> **Instructions for the task**: Exactly reproduce the lines from the line that has "Carhartt WIP Heren" down to the last line of the entries, inclusive.

── Information shown

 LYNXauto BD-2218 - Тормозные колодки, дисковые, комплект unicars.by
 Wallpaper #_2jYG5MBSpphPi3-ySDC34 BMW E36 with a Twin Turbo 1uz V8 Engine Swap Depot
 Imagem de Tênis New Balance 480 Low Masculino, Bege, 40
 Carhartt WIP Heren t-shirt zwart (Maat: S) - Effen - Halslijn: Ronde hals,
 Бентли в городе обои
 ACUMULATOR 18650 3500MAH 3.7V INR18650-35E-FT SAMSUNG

────

> **Answer box**:
 Carhartt WIP Heren t-shirt zwart (Maat: S) - Effen - Halslijn: Ronde hals,
 Бентли в городе обои
 ACUMULATOR 18650 3500MAH 3.7V INR18650-35E-FT SAMSUNG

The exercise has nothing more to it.